Show must go on

Unmögliche Zustände im rumänischen Parlament

Bild: sxc.hu

„Zähl richtig, Roberta, wir beobachten dich?“ „Wo bist du Cotoi?“ „Schaut euch mal den Oltean an, man könnte sagen, dass er nur Palatschinken isst.“ „Sie haben nicht genügend Leute! Toader, such mal im Schnee, vielleicht findest du noch einen Stockbesoffenen.“ „Gigi, rechne du, so wie man es bei den Finanzen macht!“ Und irgendwann später: „Sie schaffen es doch! Es hat keinen Zweck mehr. Lasst uns in die Ausschüsse gehen!“

Das sind nur einige wenige ausgewählte Repliken aus der mehraktigen Tragikomödie, die sich am Wochenanfang im rumänischen Parlament abspielte. Die angesprochenen Helden (mit dem Sitz im Plenumssaal) heißen Roberta Anastase, die Vorsitzende der Abgeordnetenkammer, Sever Voinescu Cotoi, Ioan Oltean, Mircea Toader, Abgeordnete der Liberaldemokratischen Partei, und Ex-Finanzminister Gheorghe Ialomiţeanu. Die Performer (mit dem Sitz auf den Balkonen) gehören auch zu den Volksvertretern, sie sind allerdings Mitglieder des Oppositionsbündnisses USL. Die Handlung läuft parallel: Unten bemühen sich die einen um Beschlussfähigkeit, von oben verfolgt die boykottfreudige Galerie das Verfahren. Emotionen werden in beiden Lagern laut: von Empörung zu Freude, von spöttischer Hoffnung bis hin zur resignierten Enttäuschung. Live-Zuschauer? Einige wenige Abgeordnete, die ihre Pflichten trotz allem noch ernst nehmen. Sponsor der peinlichen Vorstellung war der Steuerzahler, wer sonst?

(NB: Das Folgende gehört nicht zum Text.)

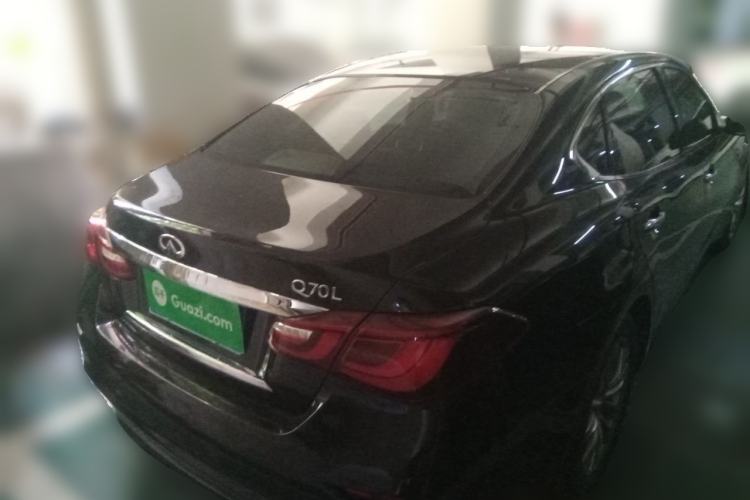 Used Infiniti Q70 2015 Q70L 2.5L Elite Edition Rear Right 45 Deg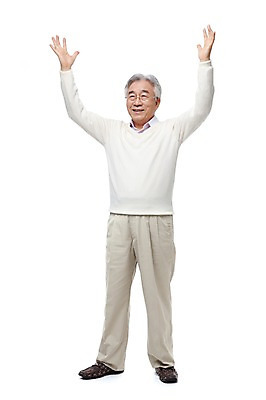 포토 JPG 스튜디오촬영 전신 모델 라이프스타일 할아버지 노년 남자 포즈 실내 한명 서기 미소 웃음 누끼 사람 동양인 손짓 성인 라이프 실버라이프 만세 한국인 실버 60대 노인만 노인남자만 노인남자한명만 국내포토 1 모션 표정 인종 내부 생활 남자만 남자한명만 성인만 파일형식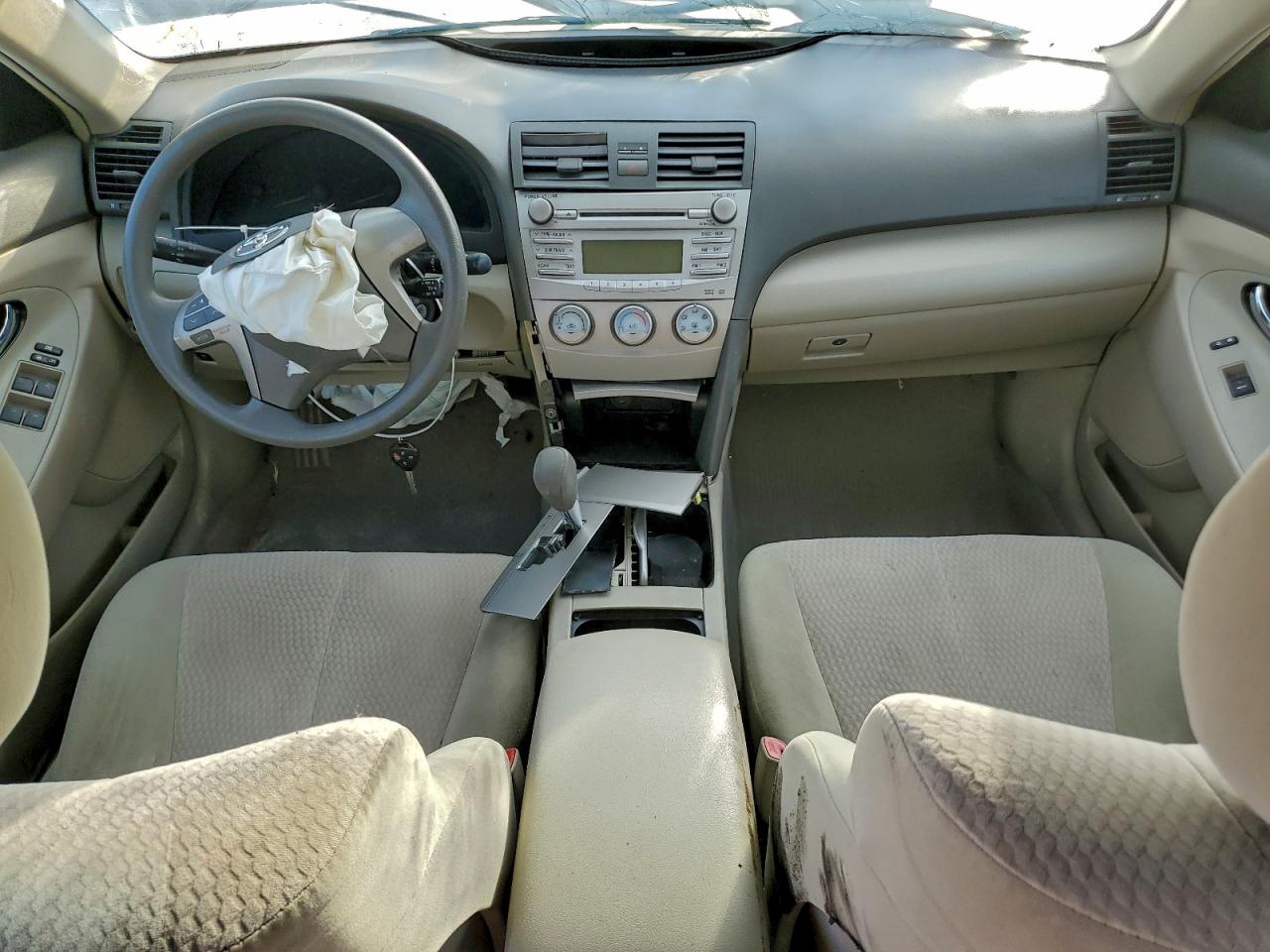 2010 TOYOTA CAMRY BASE photo 15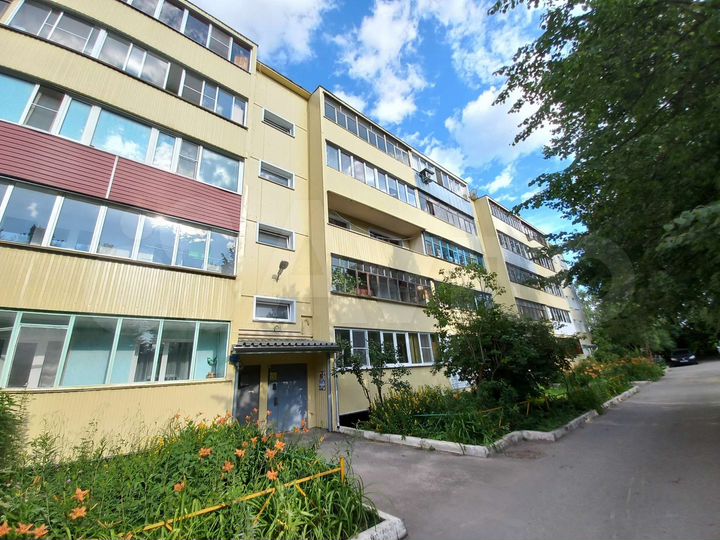 2-к. квартира, 50 м², 2/5 эт.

Egal aus welcher Perspektive wir dieses neue politische „Event“ am Dienstag betrachten, es geht  wieder einmal um die Wahlen in diesem Jahr, genauer gesagt um die Show, manche nennen sie Wahlkampagne, welche uns ein Großteil der Politiker zu bieten gedenkt. Vom Standpunkt der Wahlen aus betrachtet, sollten die regierende PDL und ihre Koalitionspartner begangene Fehler vermeiden und die Maßnahmen der Boc-Ära konsolidieren, um irgendwann selbst die Früchte des erbrachten Opfers ernten zu können. Der oppositionelle USL (welch ein Glück, die Sparpakete nicht selber eingeführt haben zu müssen) sollte seinerseits nichts als die Vernunft wiederfinden und seinen Job zur Abwechslung mal konstruktiv machen, um den wichtigen Vorsprung in der Wählergunst zu konservieren. Die PDL schafft es aber nach wie vor nicht, alle Abgeordneten und Senatoren zu den Arbeiten der beiden Kammern zu mobilisieren oder Maßnahmen konsequent durchzuführen (was ist beispielsweise mit dem Ex- oder vielleicht doch nicht Ex-Transelectrica-Generaldirektor Hăhăianu los? Ist er nun gefeuert oder nicht? ) Und der Sozialliberale Verband spielt weiterhin diese äußerst schädliche und nicht minder peinliche Karte des parlamentarischen Streiks und der obsessiv geforderten vorgezogenen Wahlen.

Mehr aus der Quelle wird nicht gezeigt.